Maryland also requires all motorists to carry a minimum of $30,000 per person/$60,000 per accident for bodily liability and $15,000 in property damage liability in uninsured and underinsured motorist insurance. If the insured gets into a collision with an underinsured or uninsured motorist, this coverage pays the insured’s medical expenses and other damages up to the coverage limit. While it is possible to carry a higher level of coverage for uninsured motorist bodily injury, the $15,000 limit for uninsured motorist property damage is also the limit.
Maryland residents are also given the option to purchase a minimum of $2,500 in Personal Injury Protection (PIP) insurance, which helps cover medical or funeral expenses or lost wages when the insured and his or her passengers are involved in a crash.
The state does not require collision or comprehensive insurance, but lenders usually require such coverage for leased or financed vehicles.
SR-22 Insurance in Maryland
Only a few states do not require the filing of an SR‑22 form, also known as a certificate of financial responsibility when a driver is convicted of a DUI or other serious offense and is eligible for license restoration. Maryland is one of these states, so no SR-22 filing with the state’s Department of Motor Vehicles by the driver’s insurance company is necessary. However, anyone convicted of a serious driving offense should expect their Maryland auto insurance premiums to rise significantly.

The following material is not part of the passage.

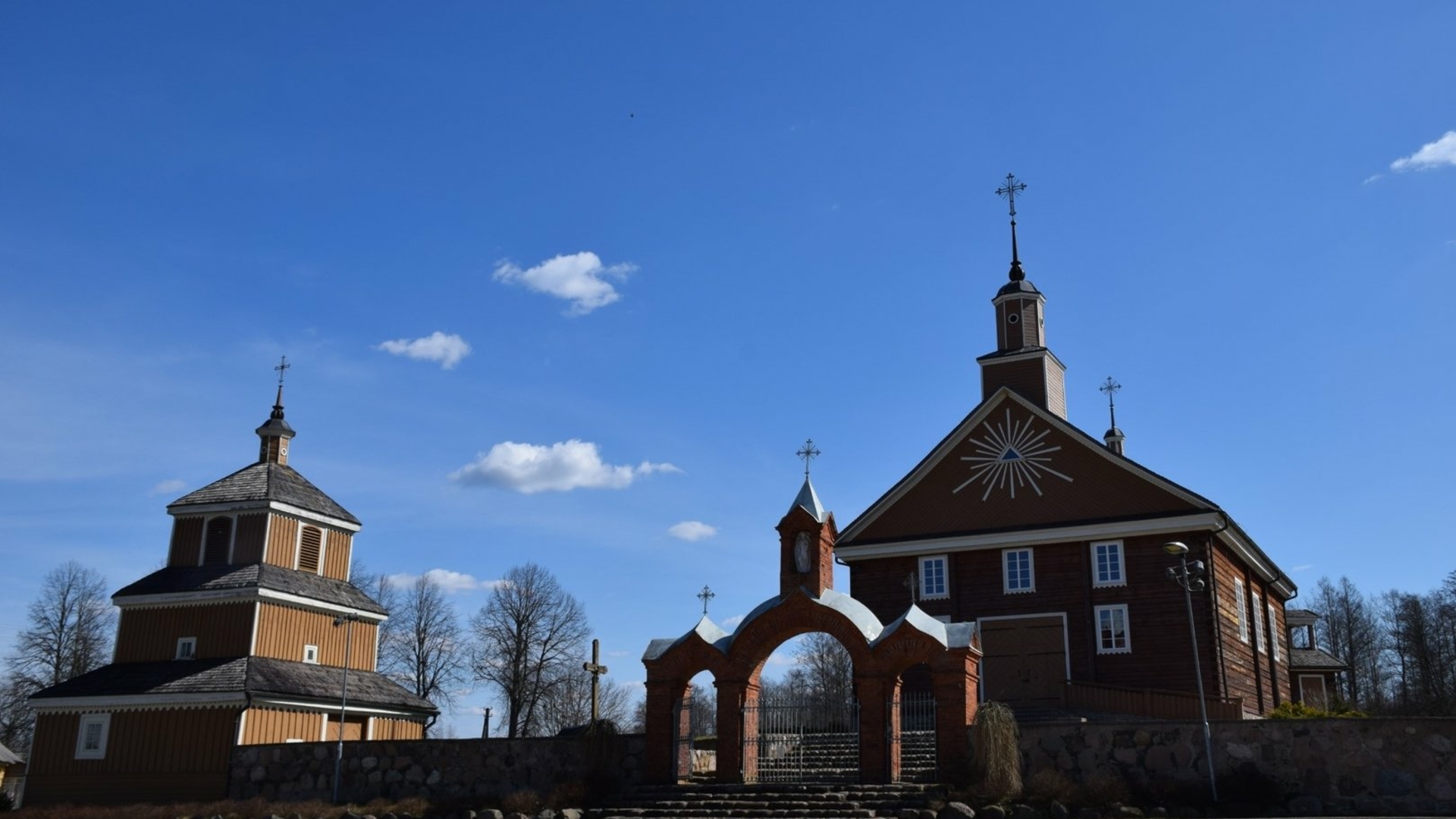 Labanoras Kirche und Belfried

Maryland Driver Statistics
One of the original 13 colonies, Maryland boasts a sophisticated industrial base, with IT, biosciences, aerospace and defense companies all playing major roles in its economy. Small in size but large in population, Maryland is one of the busiest in the country when it comes to roadways. As of 2017, 4.3 million Maryland residents had driver’s licenses, out of a total population of about 6 million. Montgomery County, with approximately 1 million residents, is the largest county in Maryland, but not the one with the highest number of motor vehicle accidents. Baltimore, with a population of 600,000, is the largest city. The state population is expected to reach 6.3 million by 2020, based on current growth trends.
Many Eastern Maryland residents commute to jobs in Washington, DC or Baltimore. Seventy-five percent of working Montgomery County residents commute to DC, but in Prince George’s County, the number is even higher, at 77 percent. Silver Spring residents live in the town with the highest number of commuting workers, at 61 percent. Those statistics indicate why the commuter traffic in the Maryland DC/Baltimore area is considered among the worst in the nation. Without too much congestion, a Prince George’s County resident should arrive in DC in 36.5 minutes, while the average Montgomery County commuter’s drive is two minutes shorter.
Maryland Auto Insurance & Accident Facts
In 2018, Maryland’s fatal traffic accident rate declined by 8.5 percent over the previous year. While that was good news, 511 people still lost their lives on Maryland roadways in 2018. A report given at the annual Maryland Highway Safety Summit states the primary causes of fatalities and injuries on state roads include failure to wear a seat belt, driving under the influence, speeding and distracted driving.
Statewide, there 1175,750 crashes in Maryland in 2018, including 486 fatal crashes and 33,874 injury crashes.
Did you know?
Baltimore City had the highest number of auto accidents, followed by Baltimore County and Prince George’s County.